**WORK TO COMPLETE:**
Repeat every entry exactly. Pictures stay out.

[Dataset entries]
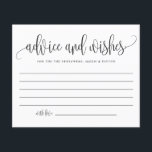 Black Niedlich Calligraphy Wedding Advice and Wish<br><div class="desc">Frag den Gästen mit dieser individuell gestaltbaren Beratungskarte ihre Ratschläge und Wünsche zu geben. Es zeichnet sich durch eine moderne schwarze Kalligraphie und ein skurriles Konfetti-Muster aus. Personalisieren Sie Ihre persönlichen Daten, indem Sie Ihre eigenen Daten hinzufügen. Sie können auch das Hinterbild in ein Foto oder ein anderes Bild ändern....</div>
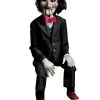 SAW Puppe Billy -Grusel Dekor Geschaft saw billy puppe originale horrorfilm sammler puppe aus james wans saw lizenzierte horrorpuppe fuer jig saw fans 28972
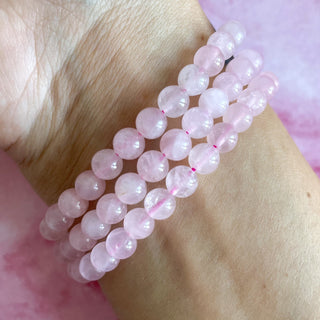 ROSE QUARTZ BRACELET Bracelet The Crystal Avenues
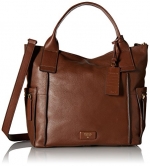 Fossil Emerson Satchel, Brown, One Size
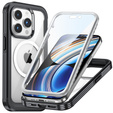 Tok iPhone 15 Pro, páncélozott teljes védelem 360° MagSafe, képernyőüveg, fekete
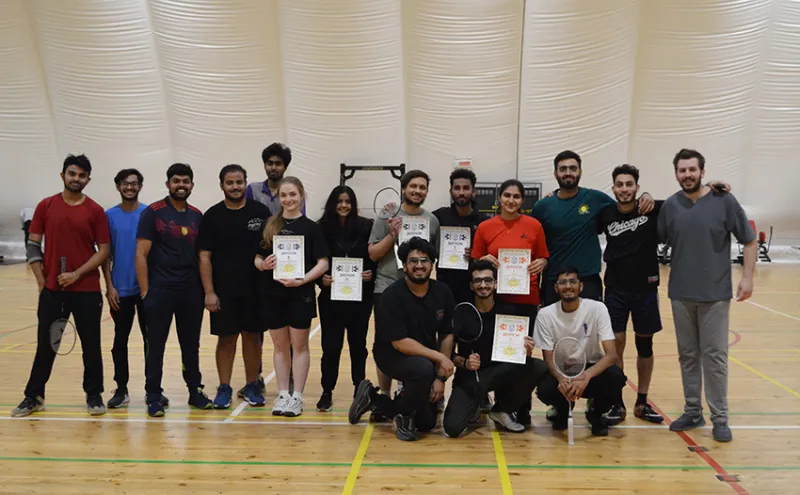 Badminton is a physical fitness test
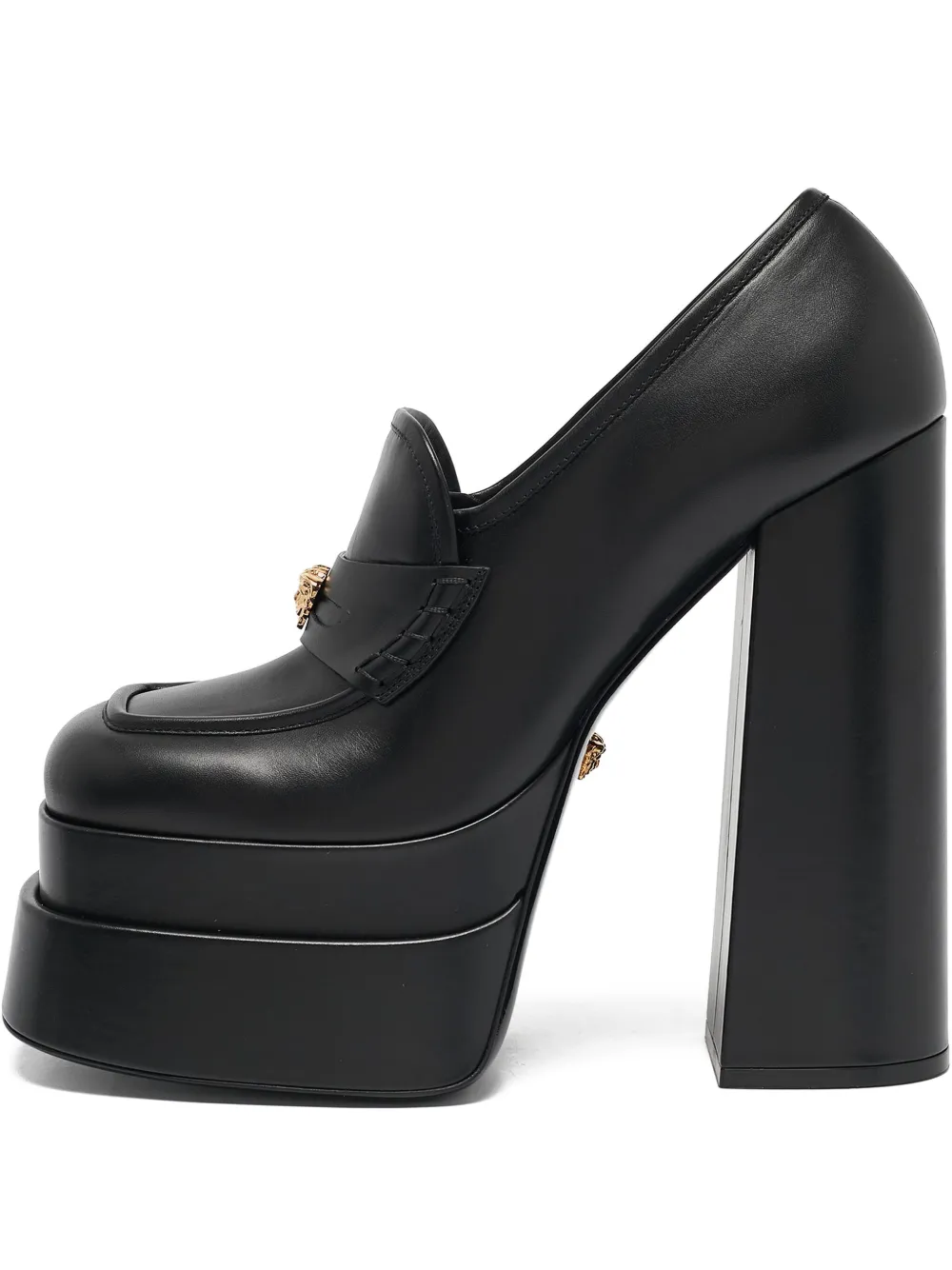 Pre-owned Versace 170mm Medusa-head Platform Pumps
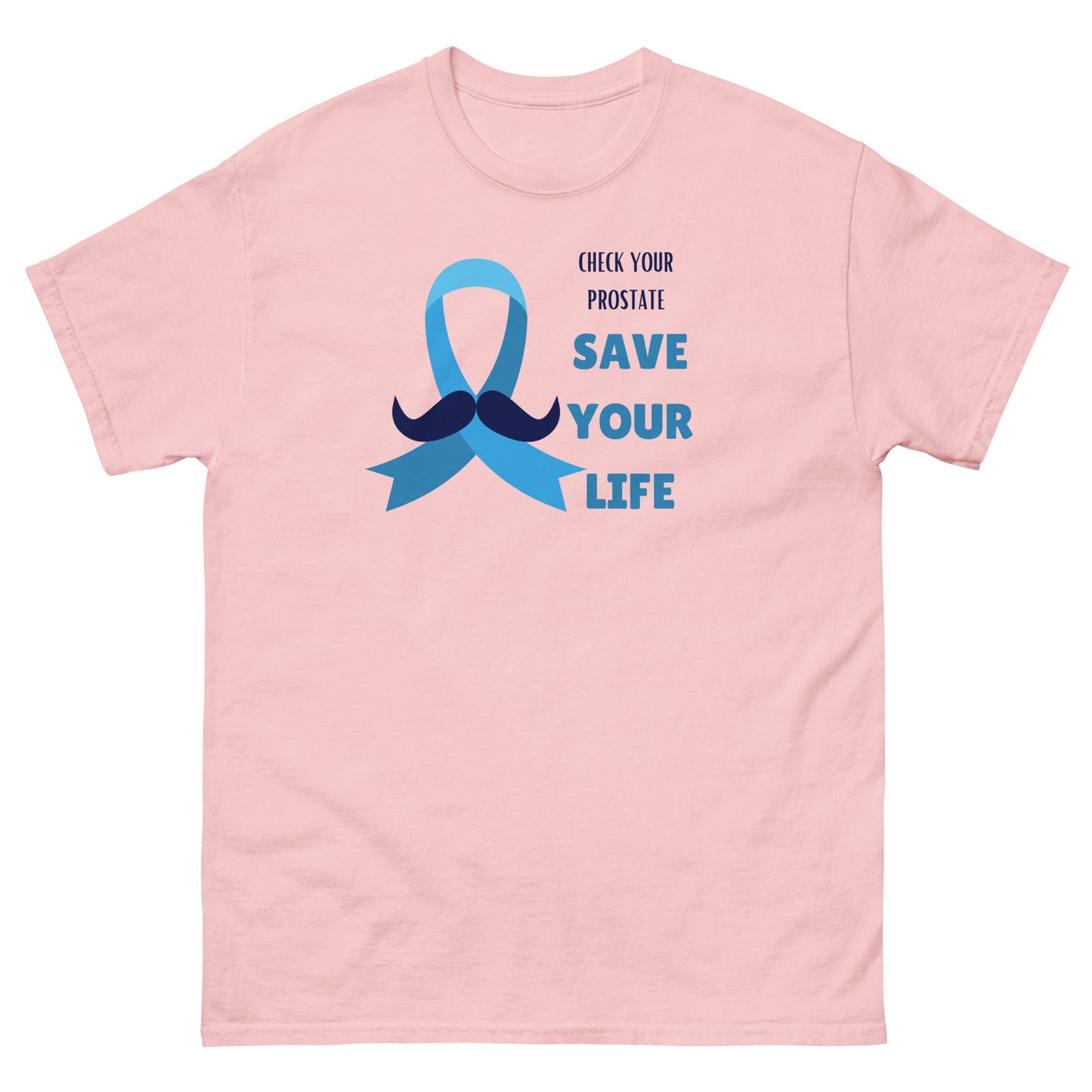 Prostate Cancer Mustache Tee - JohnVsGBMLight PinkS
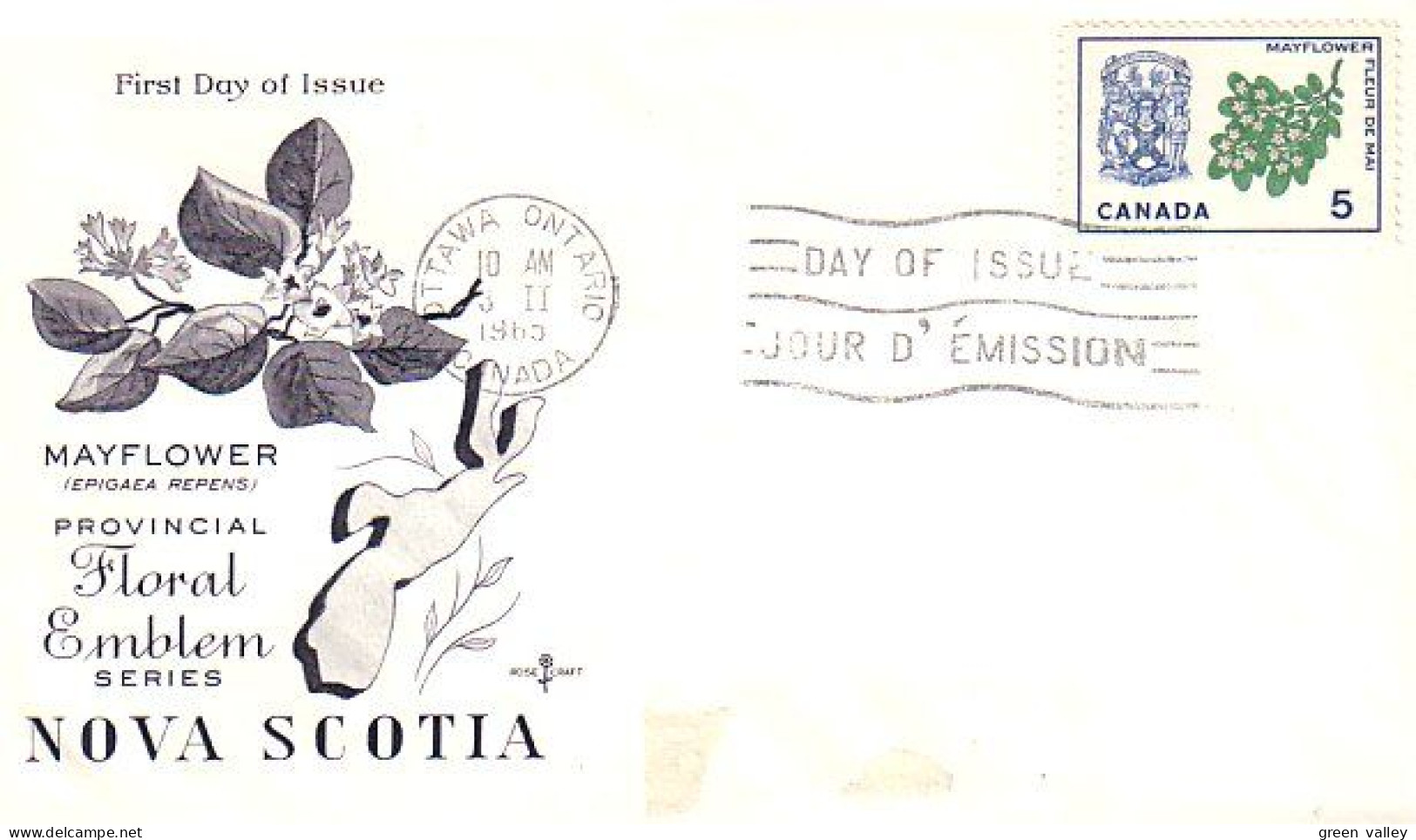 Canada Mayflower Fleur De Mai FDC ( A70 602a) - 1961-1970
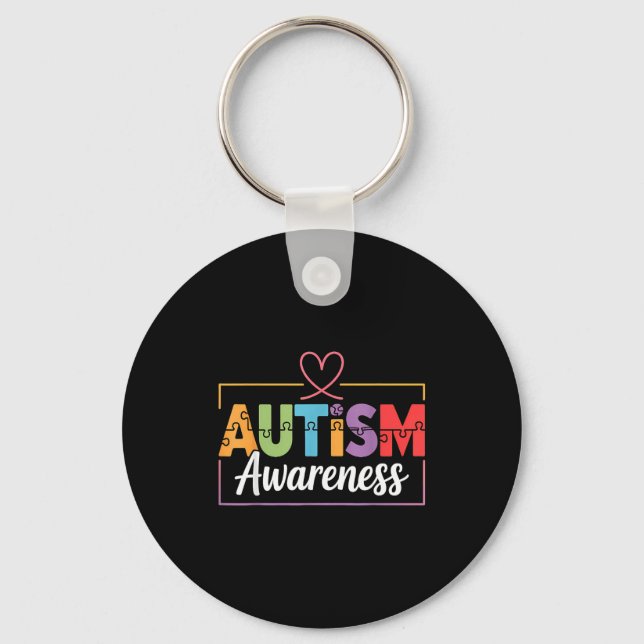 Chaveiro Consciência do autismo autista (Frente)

**TASK ANSWER:**
 Black Niedlich Calligraphy Wedding Advice and Wish<br><div class="desc">Frag den Gästen mit dieser individuell gestaltbaren Beratungskarte ihre Ratschläge und Wünsche zu geben. Es zeichnet sich durch eine moderne schwarze Kalligraphie und ein skurriles Konfetti-Muster aus. Personalisieren Sie Ihre persönlichen Daten, indem Sie Ihre eigenen Daten hinzufügen. Sie können auch das Hinterbild in ein Foto oder ein anderes Bild ändern....</div>
 SAW Puppe Billy -Grusel Dekor Geschaft saw billy puppe originale horrorfilm sammler puppe aus james wans saw lizenzierte horrorpuppe fuer jig saw fans 28972
 ROSE QUARTZ BRACELET Bracelet The Crystal Avenues
 Fossil Emerson Satchel, Brown, One Size
 Tok iPhone 15 Pro, páncélozott teljes védelem 360° MagSafe, képernyőüveg, fekete
 Badminton is a physical fitness test
 Pre-owned Versace 170mm Medusa-head Platform Pumps
 Prostate Cancer Mustache Tee - JohnVsGBMLight PinkS
 Canada Mayflower Fleur De Mai FDC ( A70 602a) - 1961-1970
 Chaveiro Consciência do autismo autista (Frente)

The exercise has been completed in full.